Indépendamment de sa qualité, le film d'Andrew Dominik Blonde peut marquer la fin de l'ère du cinéma d'auteur chez Netflix - Martin Scorsese, Coen Brothers, etc.

Pour ceux qui observent la mécanique de l’industrie, l’écriture est sur le mur depuis un certain temps. Martin Scorsese développait à l’origine sa suite à L’Irlandais chez Netflix mais a dû magasiner Les tueurs de la fleur de lune autour d’Apple TV +, suggérant que le streamer n’était pas impatient de répéter l’expérience. De même, Joel Coen a suivi La ballade de Buster Scruggs chez Netflix en publiant La Tragédie de Macbeth dans le cadre d’un accord avec A24 et Apple TV+.

On a le sentiment que ces relations ne sont pas une priorité, que Netflix n’est pas désireux de maintenir les partenariats à long terme avec des réalisateurs comme Scorsese ou Coen que Warner Bros. avait avec des cinéastes comme Stanley Kubrick, Clint Eastwood ou Christopher Nolan. Cela dit, Spike Lee a récemment signé un contrat pluriannuel avec le streamer, même s’il ne semble pas avoir de projet en développement. Il en va de même pour Noah Baumbach, qui a réalisé trois films avec le streamer, dont celui de cette année Bruit blanc.

L’industrie du cinéma est en plein bouleversement. Chaque fois qu’il sortira de l’autre côté, il sera très différent. Il est impossible de prédire ce qui va se passer avec plus de détails. Pour citer William Goldman, « Personne ne sait rien. » Il y aura évidemment des projets dirigés par des réalisateurs chez Netflix dans les années à venir, mais il est difficile d’imaginer qu’ils seront aussi assurés que Blondun film qui pousse parfois la liberté créative que le streamer offre dans le domaine de l’auto-parodie.

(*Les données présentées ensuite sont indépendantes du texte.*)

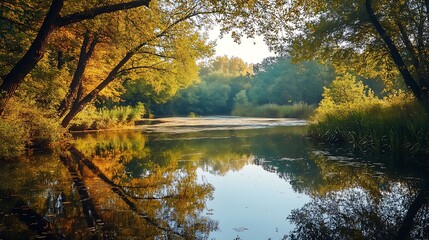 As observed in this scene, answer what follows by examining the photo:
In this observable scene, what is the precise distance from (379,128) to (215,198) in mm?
8147

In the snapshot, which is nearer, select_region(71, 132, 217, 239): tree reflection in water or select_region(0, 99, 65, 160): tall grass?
select_region(71, 132, 217, 239): tree reflection in water

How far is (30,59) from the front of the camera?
319 inches

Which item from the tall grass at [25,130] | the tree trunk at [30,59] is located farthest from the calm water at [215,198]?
the tree trunk at [30,59]

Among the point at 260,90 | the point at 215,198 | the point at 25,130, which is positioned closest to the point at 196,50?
the point at 25,130

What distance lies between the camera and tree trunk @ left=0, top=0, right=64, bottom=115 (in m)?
8.09

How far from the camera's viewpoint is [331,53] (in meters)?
15.2

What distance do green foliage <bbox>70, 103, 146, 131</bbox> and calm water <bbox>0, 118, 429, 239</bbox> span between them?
43.6 ft

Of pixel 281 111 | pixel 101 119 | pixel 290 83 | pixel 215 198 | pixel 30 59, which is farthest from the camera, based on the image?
pixel 290 83

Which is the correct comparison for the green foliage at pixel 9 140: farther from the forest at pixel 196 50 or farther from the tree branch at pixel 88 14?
the tree branch at pixel 88 14

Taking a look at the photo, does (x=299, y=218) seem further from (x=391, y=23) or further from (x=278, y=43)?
(x=391, y=23)

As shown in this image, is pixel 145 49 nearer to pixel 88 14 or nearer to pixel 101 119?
pixel 88 14

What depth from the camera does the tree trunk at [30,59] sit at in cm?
809

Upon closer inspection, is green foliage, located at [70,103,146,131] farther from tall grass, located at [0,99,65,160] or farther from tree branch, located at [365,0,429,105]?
tree branch, located at [365,0,429,105]

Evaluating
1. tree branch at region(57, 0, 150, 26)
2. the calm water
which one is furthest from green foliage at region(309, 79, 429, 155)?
tree branch at region(57, 0, 150, 26)
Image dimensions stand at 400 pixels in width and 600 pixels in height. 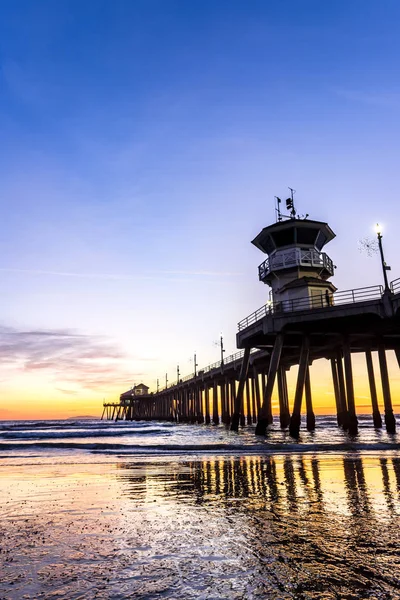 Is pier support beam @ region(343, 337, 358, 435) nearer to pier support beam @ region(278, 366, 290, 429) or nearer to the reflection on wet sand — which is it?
pier support beam @ region(278, 366, 290, 429)

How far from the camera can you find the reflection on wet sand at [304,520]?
3.08 meters

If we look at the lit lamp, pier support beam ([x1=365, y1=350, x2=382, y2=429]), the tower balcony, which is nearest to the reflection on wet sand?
the lit lamp

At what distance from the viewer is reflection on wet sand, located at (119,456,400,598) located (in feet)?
10.1

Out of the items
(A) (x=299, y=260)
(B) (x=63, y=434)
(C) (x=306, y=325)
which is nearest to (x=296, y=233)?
(A) (x=299, y=260)

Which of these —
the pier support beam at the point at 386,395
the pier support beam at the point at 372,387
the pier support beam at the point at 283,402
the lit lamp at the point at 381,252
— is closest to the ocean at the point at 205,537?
the lit lamp at the point at 381,252

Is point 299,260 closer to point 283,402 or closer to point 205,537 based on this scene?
Result: point 283,402

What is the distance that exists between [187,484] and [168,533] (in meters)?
3.89

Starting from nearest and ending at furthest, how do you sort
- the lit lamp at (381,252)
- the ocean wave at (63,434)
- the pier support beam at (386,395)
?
the lit lamp at (381,252) < the pier support beam at (386,395) < the ocean wave at (63,434)

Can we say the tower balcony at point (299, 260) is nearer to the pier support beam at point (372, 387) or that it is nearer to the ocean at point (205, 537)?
the pier support beam at point (372, 387)

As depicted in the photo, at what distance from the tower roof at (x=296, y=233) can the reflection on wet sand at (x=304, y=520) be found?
954 inches

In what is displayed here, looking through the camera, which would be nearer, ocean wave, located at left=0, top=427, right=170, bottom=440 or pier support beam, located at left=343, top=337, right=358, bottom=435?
pier support beam, located at left=343, top=337, right=358, bottom=435

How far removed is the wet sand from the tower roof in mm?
25803

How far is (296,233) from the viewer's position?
1292 inches

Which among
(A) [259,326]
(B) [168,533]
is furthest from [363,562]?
(A) [259,326] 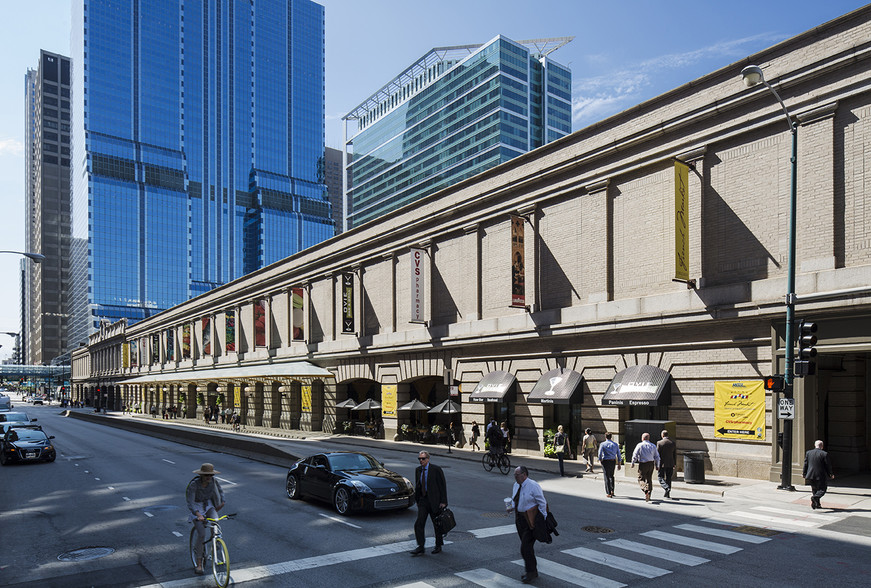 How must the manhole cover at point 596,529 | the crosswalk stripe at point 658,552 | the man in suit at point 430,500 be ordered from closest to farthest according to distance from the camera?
the crosswalk stripe at point 658,552 < the man in suit at point 430,500 < the manhole cover at point 596,529

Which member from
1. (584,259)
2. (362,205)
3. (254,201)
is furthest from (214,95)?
(584,259)

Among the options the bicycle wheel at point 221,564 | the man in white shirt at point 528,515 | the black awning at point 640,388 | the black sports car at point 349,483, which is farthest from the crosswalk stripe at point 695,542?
the black awning at point 640,388

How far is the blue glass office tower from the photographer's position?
16550cm

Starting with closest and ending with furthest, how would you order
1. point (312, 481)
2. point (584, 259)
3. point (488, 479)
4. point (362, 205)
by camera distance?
point (312, 481) → point (488, 479) → point (584, 259) → point (362, 205)

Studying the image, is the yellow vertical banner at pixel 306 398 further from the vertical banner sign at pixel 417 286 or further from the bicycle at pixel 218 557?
the bicycle at pixel 218 557

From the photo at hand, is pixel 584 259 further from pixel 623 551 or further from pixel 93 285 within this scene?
pixel 93 285

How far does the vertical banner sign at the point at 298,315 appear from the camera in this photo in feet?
155

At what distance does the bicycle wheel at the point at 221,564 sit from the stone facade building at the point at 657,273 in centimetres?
1590

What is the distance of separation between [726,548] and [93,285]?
177306mm

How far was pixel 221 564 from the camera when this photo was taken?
953 centimetres

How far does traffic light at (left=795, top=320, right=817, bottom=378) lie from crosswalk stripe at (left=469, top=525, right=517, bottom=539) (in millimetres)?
9112

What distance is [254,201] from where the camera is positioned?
198m

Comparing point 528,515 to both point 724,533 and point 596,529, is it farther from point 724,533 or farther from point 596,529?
point 724,533

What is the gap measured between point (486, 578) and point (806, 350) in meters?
11.6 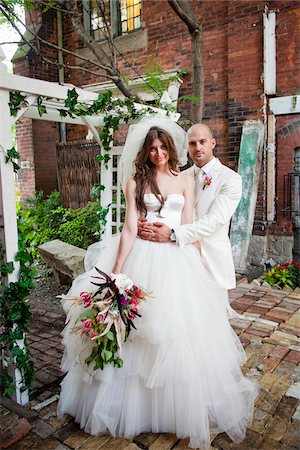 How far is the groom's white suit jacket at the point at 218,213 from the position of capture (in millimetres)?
2744

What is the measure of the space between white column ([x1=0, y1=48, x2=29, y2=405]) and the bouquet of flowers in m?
0.79

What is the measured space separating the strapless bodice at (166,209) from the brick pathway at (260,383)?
140 cm

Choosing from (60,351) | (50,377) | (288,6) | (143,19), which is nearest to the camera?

Même au-delà du contexte plus large de ce qui se passe chez Netflix, Blond se sent vaguement élégiaque. C’est l’histoire d’un individu mâché et recraché par un système impitoyable. C’est un film effrontément anti-commercial qui semble servir de cas limite à ce modèle de production cinématographique. Dans son portrait cynique et tragique d’un mode de réalisation à l’ancienne, Blond pourrait lui-même tirer le rideau sur une approche plus moderne de la production cinématographique.